This is a set of fourteen technical articles by leading American philosophers from a conference at the Center for Inquiry/Transnational (an institutional home of secular humanism) in 2007. They are about the future direction that philosophy in a naturalistic vein should take.

In their preface the editors state: "Naturalism seeks to apply the methods of the empirical sciences to explain natural events without reference to supernatural causes; and it derives ethical values from human experience, not theological grounds" (7). This definition of naturalism hides a rift in the conception of naturalism. Some writers, following Quine, think that the method of philosophy should be that of the empirical sciences. Others think that while philosophy should be informed by the sciences and should not posit extranatural explanations, philosophy is not reducible to empirical procedures. The editors go on to delineate methodological, ontological, and ethical versions of naturalism.

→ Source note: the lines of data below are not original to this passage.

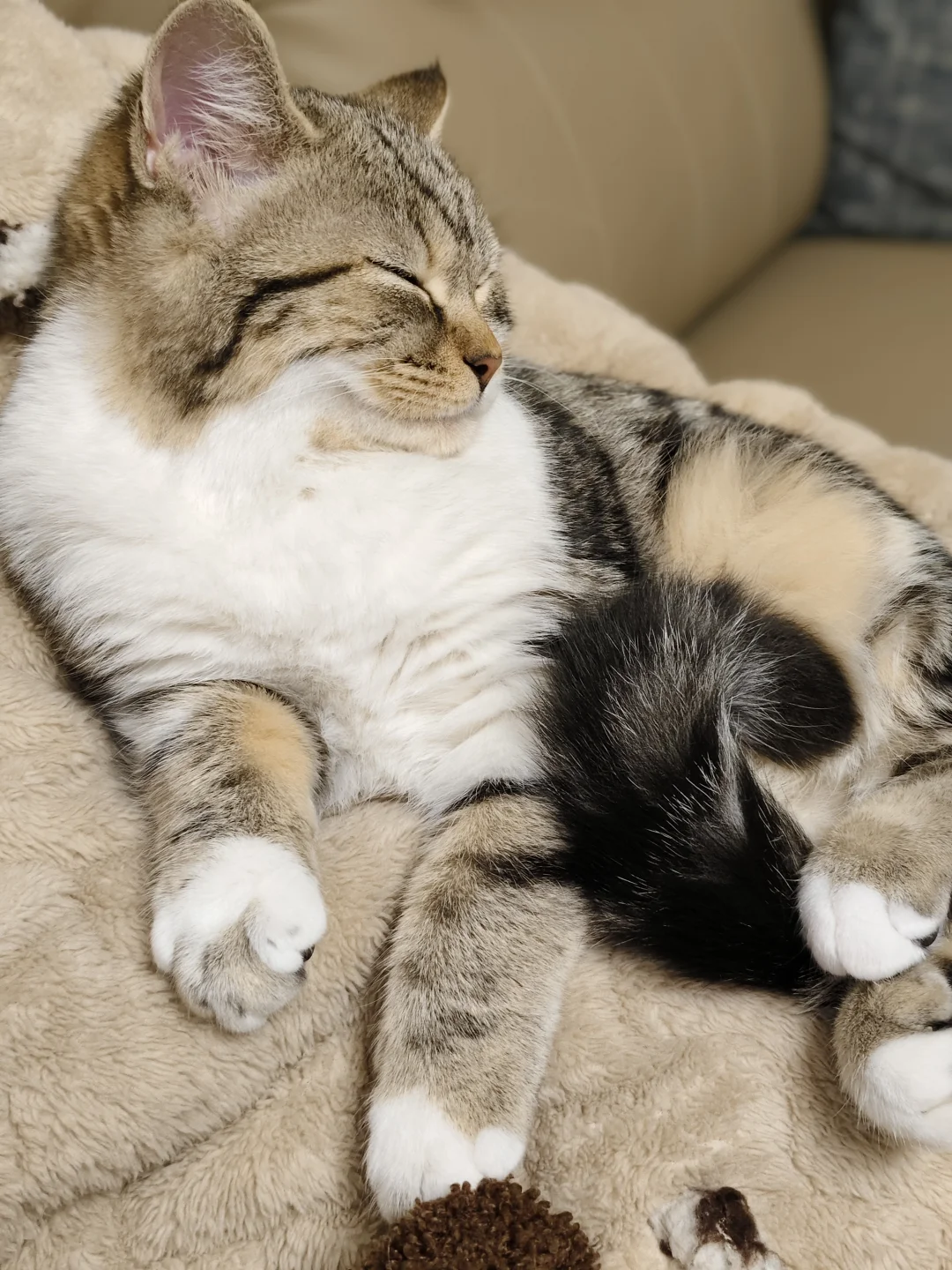 流浪咪被我养出蒜瓣毛了耶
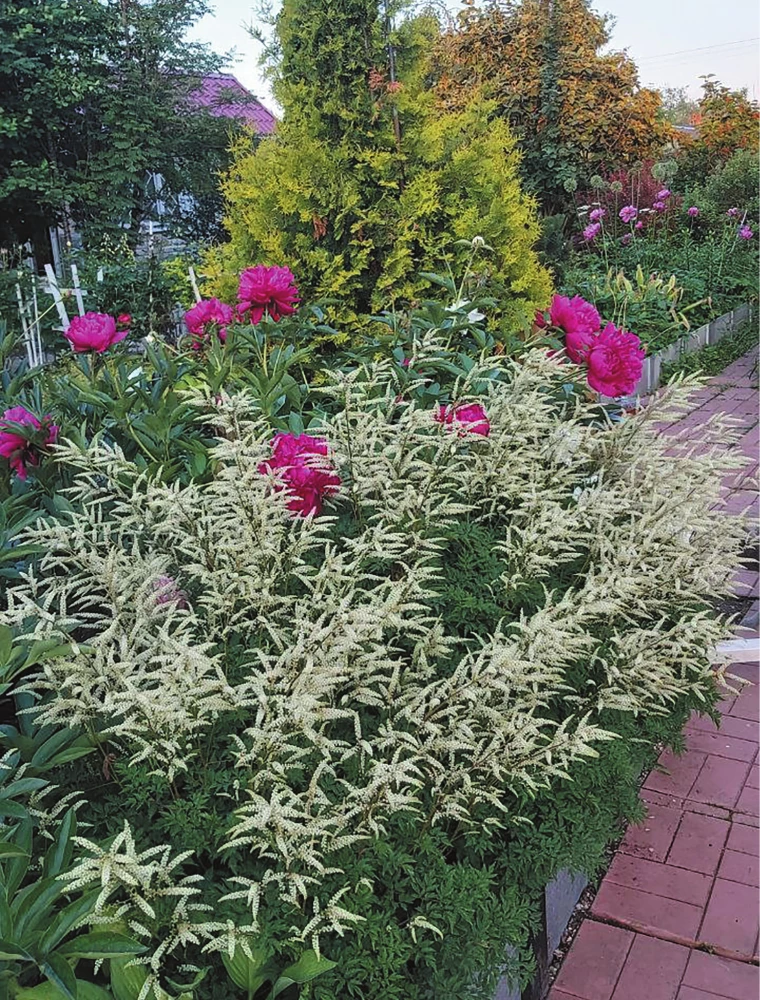 Blooming Perennial Garden. How to Create Flower Beds That Will Delight Year After Year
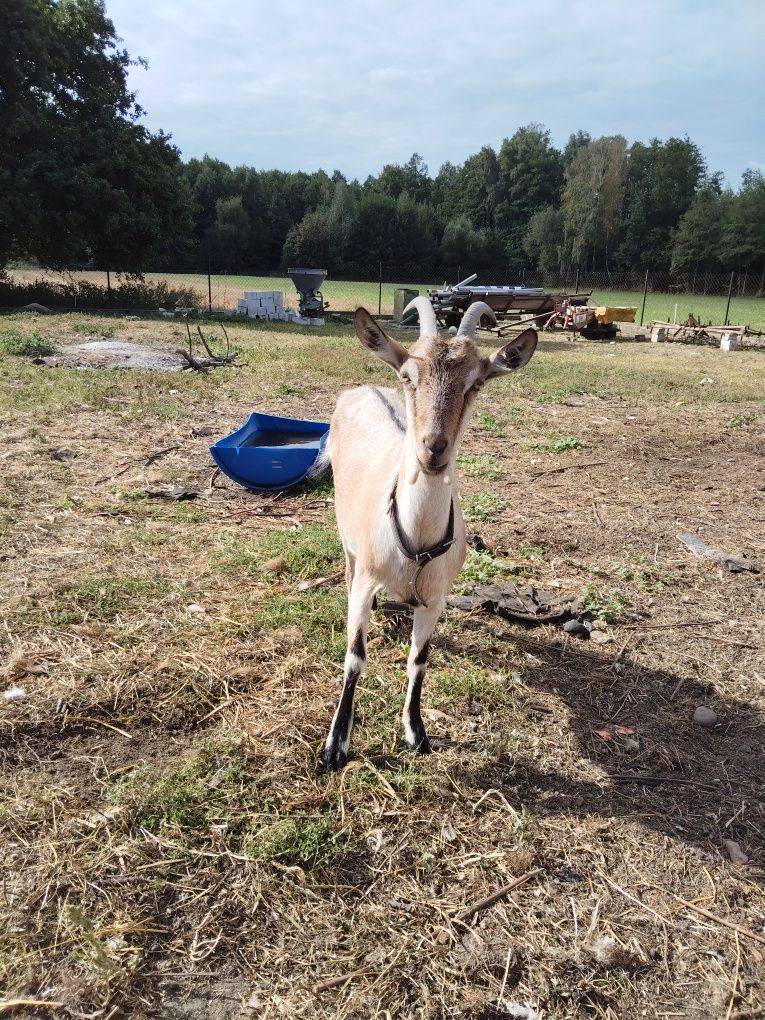 3 kozy sprzedam/zamienię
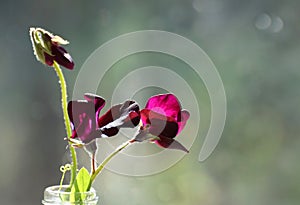 Dark red sweet pea flowers displayed in a glass bottle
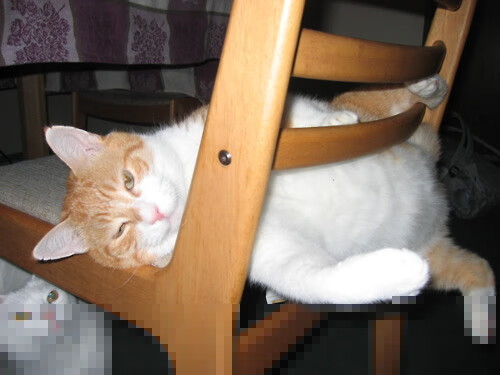 铁闸定江山,当范戴克成为西班牙狂潮下的反向胜负手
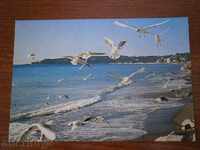 Καρτ ποστάλ θέα από την παραλία - ΓΑΛΛΙΑ - 70s
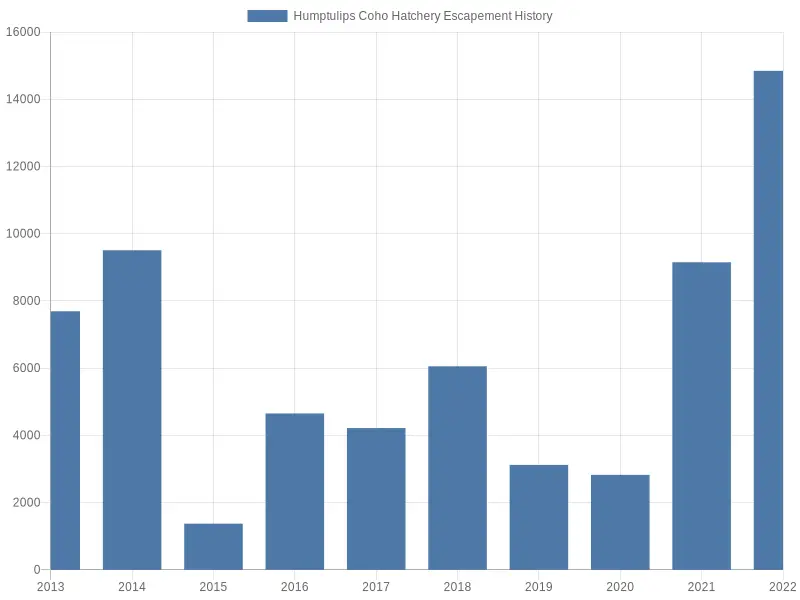 Humptulips Coho Escapement History 2023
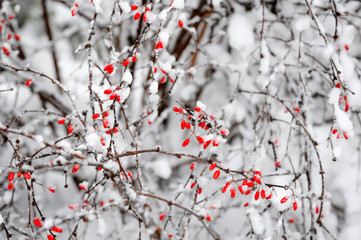 The Barberry bush with berries covered with snow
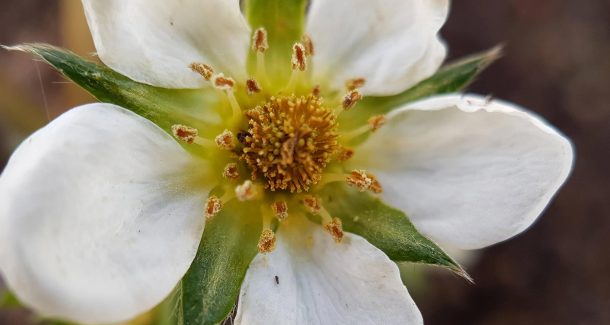 Fleur de fraise des bois vue en macrophotographie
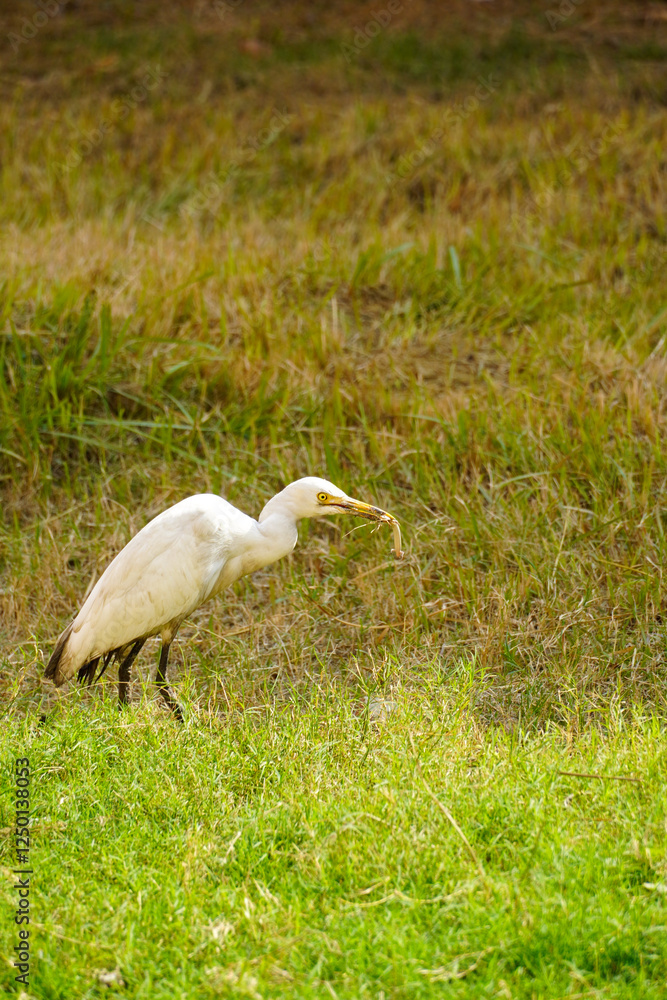 Fototapeta premium Cattle Egret Catching Its Prey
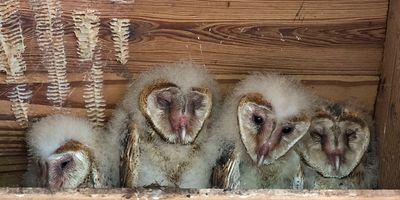 Barn Owlets, four.jpg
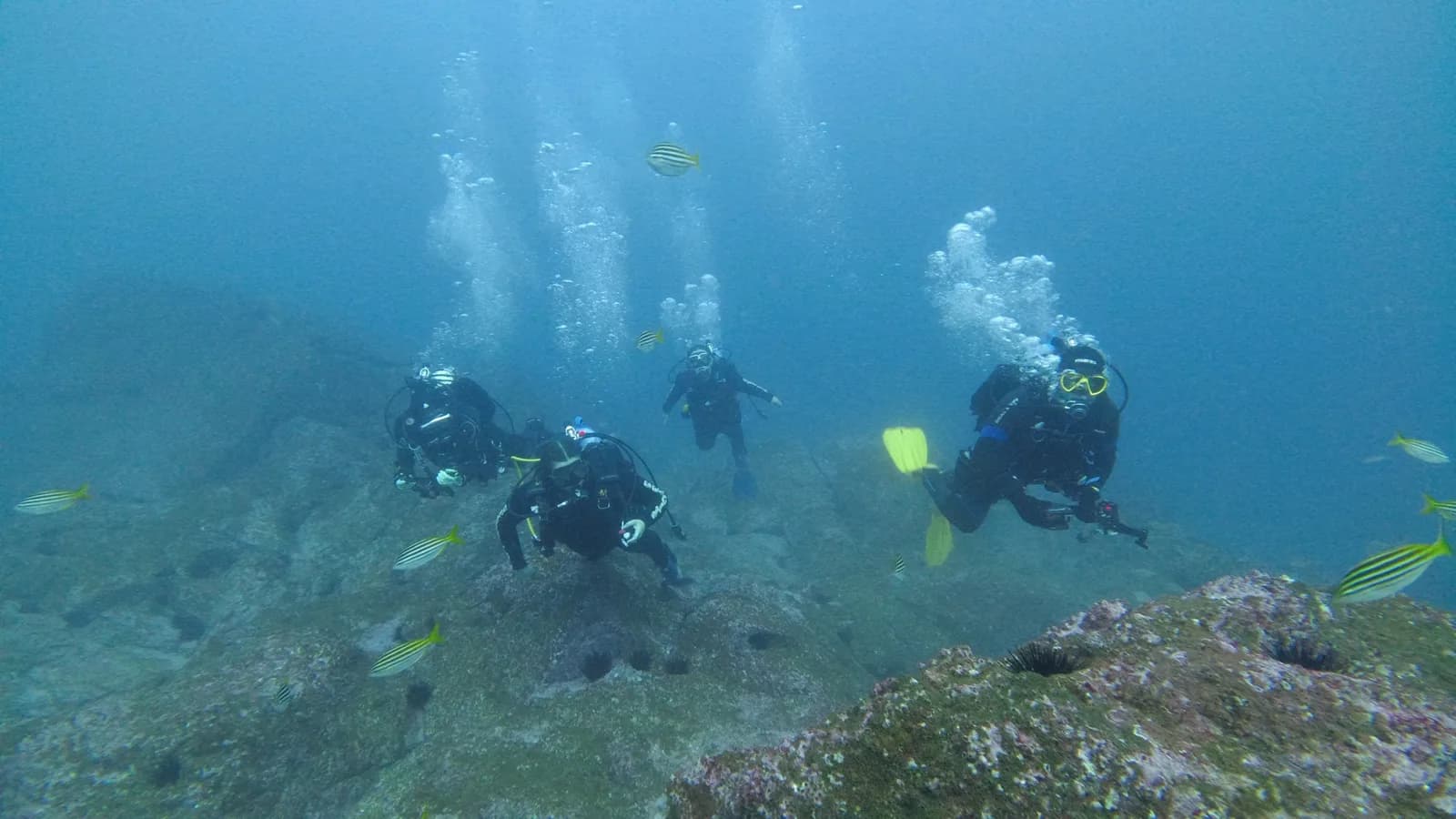 SCUBA HAVEN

The first part deals with what kind of naturalism deserves a future. Nicholas Rescher holds that humans are amphibious, living in both physical materiality and mental conceptuality, thus amenable to both the causal explanations of science and the hermeneutical explorations of the humanities. The future of naturalism lies with an orientation that is broad enough to allow the Naturwissenschaften and the Geisteswissenschaften to cooperate. Intelligence, an integral part of nature, has facilitated the evolution of humans able to use that intelligence for the guidance of action in that nature.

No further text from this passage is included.